**DATA SECTION:**
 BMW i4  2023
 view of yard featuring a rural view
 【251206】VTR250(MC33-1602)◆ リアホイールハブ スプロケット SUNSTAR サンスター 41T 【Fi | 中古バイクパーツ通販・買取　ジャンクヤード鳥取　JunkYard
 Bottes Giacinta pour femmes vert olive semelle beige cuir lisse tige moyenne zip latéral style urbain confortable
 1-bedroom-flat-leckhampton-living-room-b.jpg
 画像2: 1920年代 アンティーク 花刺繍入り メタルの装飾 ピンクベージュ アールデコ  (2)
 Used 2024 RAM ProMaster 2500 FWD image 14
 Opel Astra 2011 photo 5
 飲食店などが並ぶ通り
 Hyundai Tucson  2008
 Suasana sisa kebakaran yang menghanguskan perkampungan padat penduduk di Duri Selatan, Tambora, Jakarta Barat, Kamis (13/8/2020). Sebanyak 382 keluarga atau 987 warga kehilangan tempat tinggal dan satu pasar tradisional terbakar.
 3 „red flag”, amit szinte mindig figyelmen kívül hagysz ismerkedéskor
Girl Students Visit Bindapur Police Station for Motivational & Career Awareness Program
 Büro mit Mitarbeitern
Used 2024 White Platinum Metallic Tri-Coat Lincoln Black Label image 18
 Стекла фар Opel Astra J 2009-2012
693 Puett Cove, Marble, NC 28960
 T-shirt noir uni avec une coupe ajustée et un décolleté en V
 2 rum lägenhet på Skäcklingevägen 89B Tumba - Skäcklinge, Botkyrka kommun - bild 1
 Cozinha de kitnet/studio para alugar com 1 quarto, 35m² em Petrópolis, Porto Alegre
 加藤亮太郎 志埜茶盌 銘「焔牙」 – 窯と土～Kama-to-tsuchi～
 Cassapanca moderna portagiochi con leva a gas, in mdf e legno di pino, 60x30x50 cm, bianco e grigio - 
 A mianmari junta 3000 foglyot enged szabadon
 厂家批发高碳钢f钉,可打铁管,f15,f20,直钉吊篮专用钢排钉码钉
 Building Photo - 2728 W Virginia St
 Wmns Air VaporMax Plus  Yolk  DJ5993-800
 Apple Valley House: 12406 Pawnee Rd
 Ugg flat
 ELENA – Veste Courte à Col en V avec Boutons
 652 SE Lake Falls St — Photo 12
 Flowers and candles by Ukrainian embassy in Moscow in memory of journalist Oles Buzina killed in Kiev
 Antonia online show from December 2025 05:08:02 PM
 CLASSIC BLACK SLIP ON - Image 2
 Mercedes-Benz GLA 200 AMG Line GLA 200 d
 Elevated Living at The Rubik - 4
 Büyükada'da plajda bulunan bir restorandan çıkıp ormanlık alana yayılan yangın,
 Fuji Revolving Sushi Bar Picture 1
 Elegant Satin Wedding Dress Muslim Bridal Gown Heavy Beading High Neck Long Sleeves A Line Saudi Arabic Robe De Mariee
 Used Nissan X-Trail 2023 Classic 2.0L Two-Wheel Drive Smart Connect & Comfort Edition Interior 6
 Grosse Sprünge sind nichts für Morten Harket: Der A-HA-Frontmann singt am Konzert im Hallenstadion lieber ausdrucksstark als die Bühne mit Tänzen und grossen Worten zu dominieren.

**ASSIGNMENT:** All entries should be transcribed verbatim.

**RESPONSE BELOW:**
 BMW i4  2023
 view of yard featuring a rural view
 【251206】VTR250(MC33-1602)◆ リアホイールハブ スプロケット SUNSTAR サンスター 41T 【Fi | 中古バイクパーツ通販・買取　ジャンクヤード鳥取　JunkYard
 Bottes Giacinta pour femmes vert olive semelle beige cuir lisse tige moyenne zip latéral style urbain confortable
 1-bedroom-flat-leckhampton-living-room-b.jpg
 画像2: 1920年代 アンティーク 花刺繍入り メタルの装飾 ピンクベージュ アールデコ  (2)
 Used 2024 RAM ProMaster 2500 FWD image 14
 Opel Astra 2011 photo 5
 飲食店などが並ぶ通り
 Hyundai Tucson  2008
 Suasana sisa kebakaran yang menghanguskan perkampungan padat penduduk di Duri Selatan, Tambora, Jakarta Barat, Kamis (13/8/2020). Sebanyak 382 keluarga atau 987 warga kehilangan tempat tinggal dan satu pasar tradisional terbakar.
 3 „red flag”, amit szinte mindig figyelmen kívül hagysz ismerkedéskor
Girl Students Visit Bindapur Police Station for Motivational & Career Awareness Program
 Büro mit Mitarbeitern
Used 2024 White Platinum Metallic Tri-Coat Lincoln Black Label image 18
 Стекла фар Opel Astra J 2009-2012
693 Puett Cove, Marble, NC 28960
 T-shirt noir uni avec une coupe ajustée et un décolleté en V
 2 rum lägenhet på Skäcklingevägen 89B Tumba - Skäcklinge, Botkyrka kommun - bild 1
 Cozinha de kitnet/studio para alugar com 1 quarto, 35m² em Petrópolis, Porto Alegre
 加藤亮太郎 志埜茶盌 銘「焔牙」 – 窯と土～Kama-to-tsuchi～
 Cassapanca moderna portagiochi con leva a gas, in mdf e legno di pino, 60x30x50 cm, bianco e grigio - 
 A mianmari junta 3000 foglyot enged szabadon
 厂家批发高碳钢f钉,可打铁管,f15,f20,直钉吊篮专用钢排钉码钉
 Building Photo - 2728 W Virginia St
 Wmns Air VaporMax Plus  Yolk  DJ5993-800
 Apple Valley House: 12406 Pawnee Rd
 Ugg flat
 ELENA – Veste Courte à Col en V avec Boutons
 652 SE Lake Falls St — Photo 12
 Flowers and candles by Ukrainian embassy in Moscow in memory of journalist Oles Buzina killed in Kiev
 Antonia online show from December 2025 05:08:02 PM
 CLASSIC BLACK SLIP ON - Image 2
 Mercedes-Benz GLA 200 AMG Line GLA 200 d
 Elevated Living at The Rubik - 4
 Büyükada'da plajda bulunan bir restorandan çıkıp ormanlık alana yayılan yangın,
 Fuji Revolving Sushi Bar Picture 1
 Elegant Satin Wedding Dress Muslim Bridal Gown Heavy Beading High Neck Long Sleeves A Line Saudi Arabic Robe De Mariee
 Used Nissan X-Trail 2023 Classic 2.0L Two-Wheel Drive Smart Connect & Comfort Edition Interior 6
 Grosse Sprünge sind nichts für Morten Harket: Der A-HA-Frontmann singt am Konzert im Hallenstadion lieber ausdrucksstark als die Bühne mit Tänzen und grossen Worten zu dominieren.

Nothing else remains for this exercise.